Snider: To echo Bill, I think of NOW as the seed from which everything NewAm sprung. Not just because the need to release their album was the reason the label was created, but in a larger sense: Judd and I were at Yale together when he formed NOW, and at that time creating a group to perform music by only young, emerging composers seemed a radical idea (most fledgling new-music enterprises I was familiar with felt the need to prove themselves with at least some higher-profile associations.) But NOW was not only about young composers, it was about music that was open to all kinds of influences and emotional statements. Even with other so-called “hip” and “pop-influenced” ensembles I hadn’t heard music that explored the particular strains of sincerity and storytelling that NOW did. I was drawn to that and felt that it was music that a lot of people – regardless of background – could likely relate to and find meaning in. Of course NewAm has since grown into something quite broad and irreducible to any particular sound or style, but I think both the DIY spirit and aesthetic openness that I first saw in NOW are two of the most important values that inform what we do on a daily basis.
Darcy James Argue’s Secret Society, Infernal Machines
Brittelle: Judd, Sarah and I went to hear Darcy play at [New York City venue (Le) Poisson Rouge] and were totally blown away – Sarah and I were trying to play it cool after the show but ended up gushing and basically asking Darcy if we could put out his record. This is literally one of my favorite jazz albums of all time. I think it’s unique in the sense that the record doesn’t try to simply capture the spirit of live performance – the production value is really high, and it ends up sounding more like a rock record. The guitars and drums really kick, the bass is really present. A great road trip record.

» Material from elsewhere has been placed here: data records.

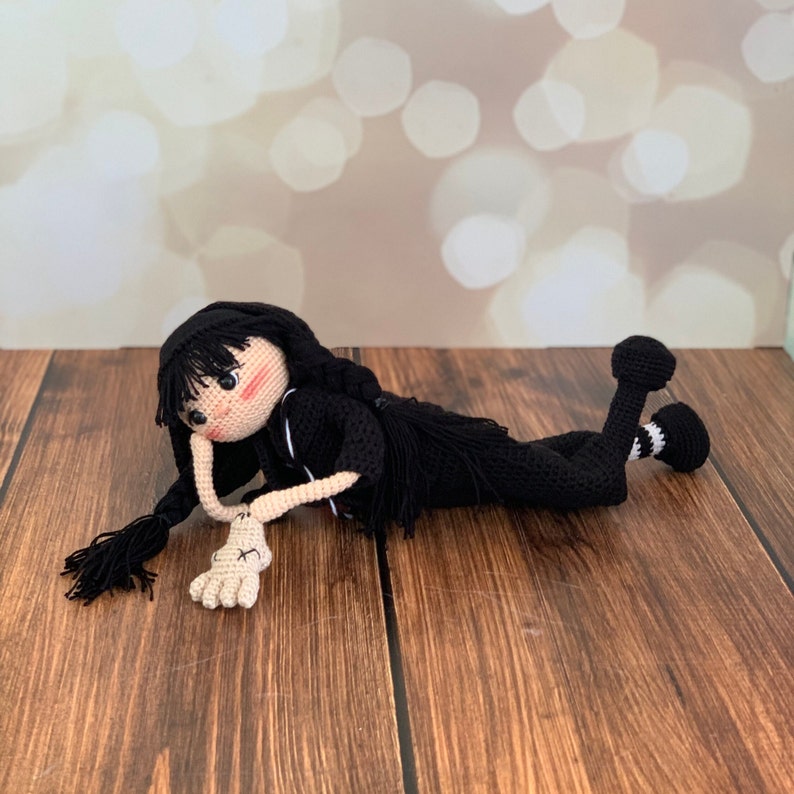 K&ouml;nnte beinhalten: Eine schwarze geh&auml;kelte Puppe mit langen schwarzen Haaren, die ein schwarzes Outfit mit wei&szlig;en Akzenten tr&auml;gt, liegt auf einer Holzoberfl&auml;che.
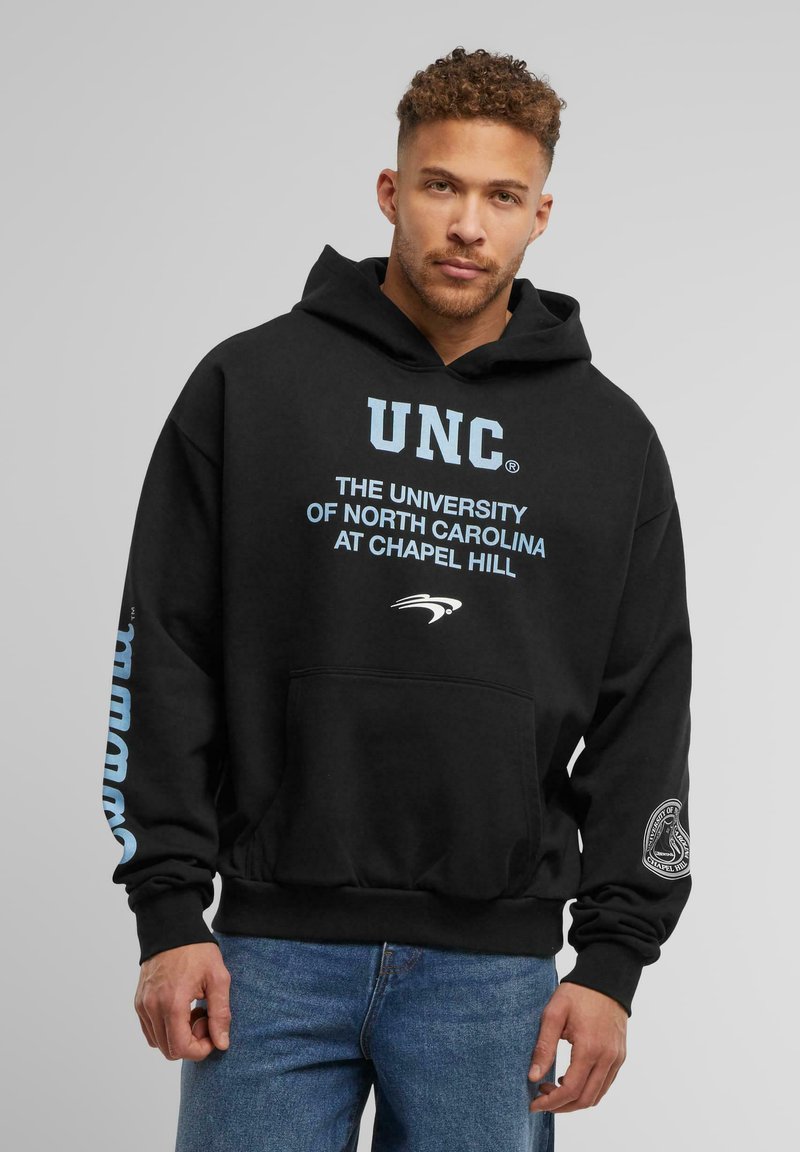 Zwarte katoenen hoodie met "UNC" in lichtblauwe tekst, een kangoeroe pocket en "North Carolina at Chapel Hill" in witte letters gedrukt.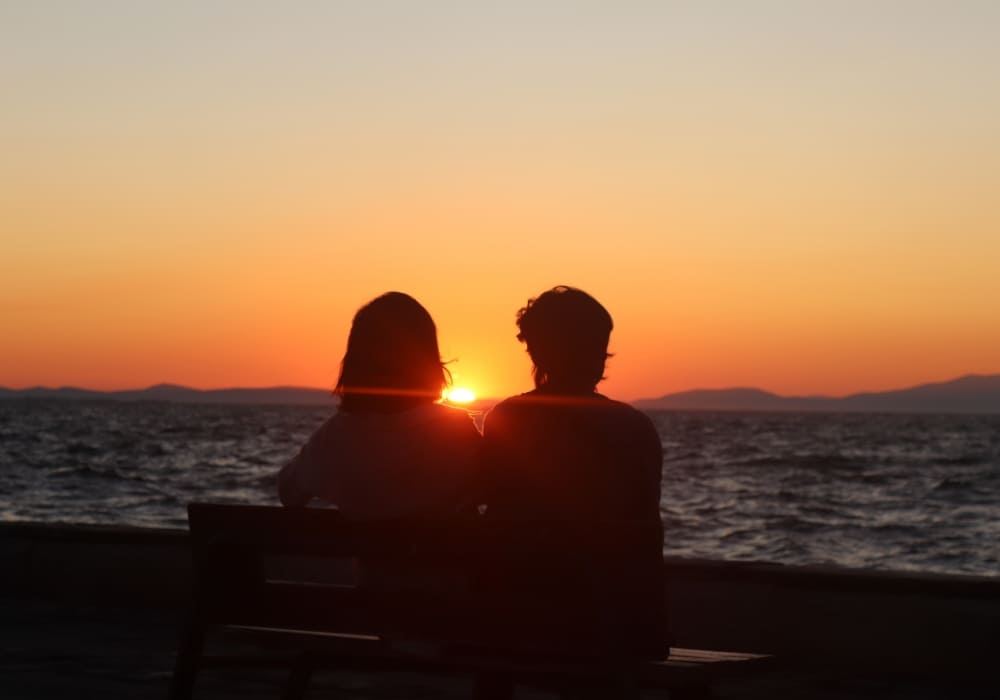 Two people sitting on a bench watching a sunset by the sea.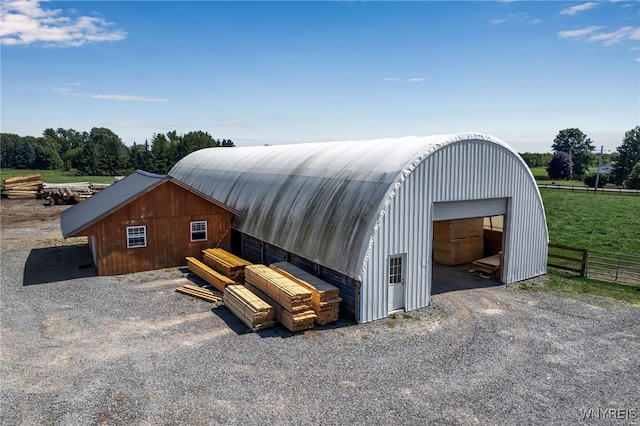 view of outbuilding featuring a rural view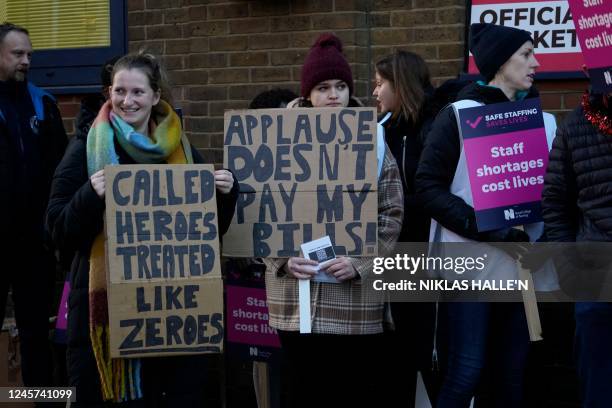 Healthcare workers hold placards at a picket line outside Guy's Hospital in London on December 20, 2022. - UK nurses staged a second unprecedented...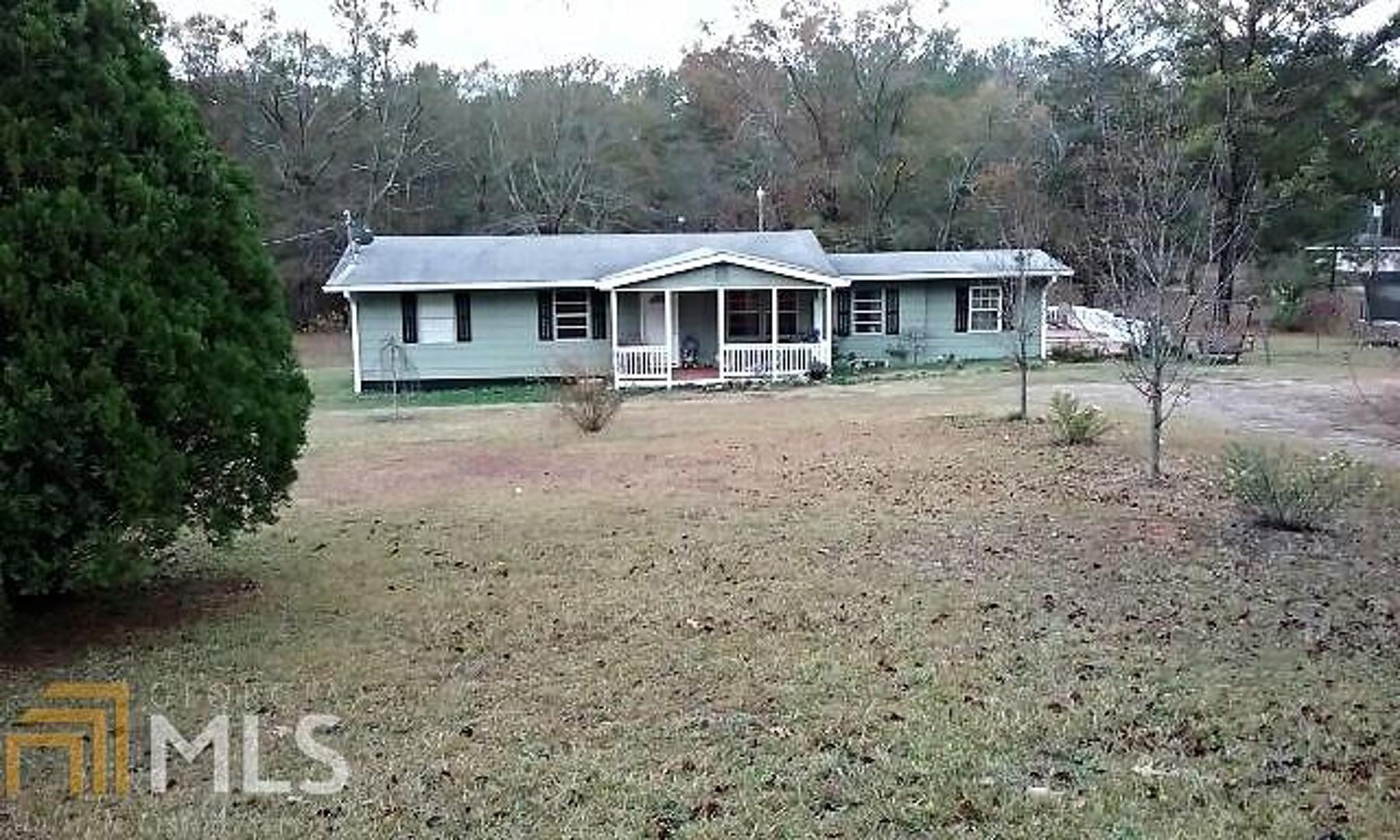 a front view of a house with yard and green space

Snider: Ha, yeah I definitely failed at playing it cool. Darcy’s music blew me away. And I’m actually not a huge jazz person, which is how I knew I loved it. What struck me most about his music was that it seemed to be about mood rather than style. He paints moods so precisely, using whatever tools he has at his disposal – and he wields those tools so outrageously well that whatever they are, whatever world they’re from, becomes irrelevant. His music is epic and grand and so brilliantly crafted. I love that he doesn’t pose any questions without answering them. He sets you up for big expectations, and then he totally delivers. That is so rare.
Corey Dargel, Someone Will Take Care of Me
Brittelle: Corey’s previous record, Other People’s Love Songs, was a kind of indie classical electro masterpiece. With SWTCM, Corey moved back to working with acoustic instruments, the result is just as catchy, and draws a connection to the chamber music and art song traditions. Corey’s voice is gorgeous. It provides a unique and appropriate vessel for delivering Corey’s twisted tales of love and sickness.
Snider: Every time I listen to Corey’s music I find myself saying, “How the hell does he think of this shit?” It sounds like pop music, but wait, it’s totally not, what are these weird asymmetrical phrases and beat patterns and how does he make them palatable and memorable so you don’t realize you’re singing along to incredibly complicated music? It’s sophisticated, brainy art music in earworm’s clothing. Every time I listen I hear something new in the craft and orchestration that makes me marvel. But I really like that he doesn’t let his smarts get the best of him. There is snark, yes, but there is also heart-rending sincerity, both lyrically and musically, and it’ll appear on a dime, where a sudden chord change will reveal the excruciating sadness in what you first think is just a really funny line. I love so many songs on this double album, but one that always takes me by surprise is “Everybody Says I’m Beautiful” – the empathy and sweetness really get me.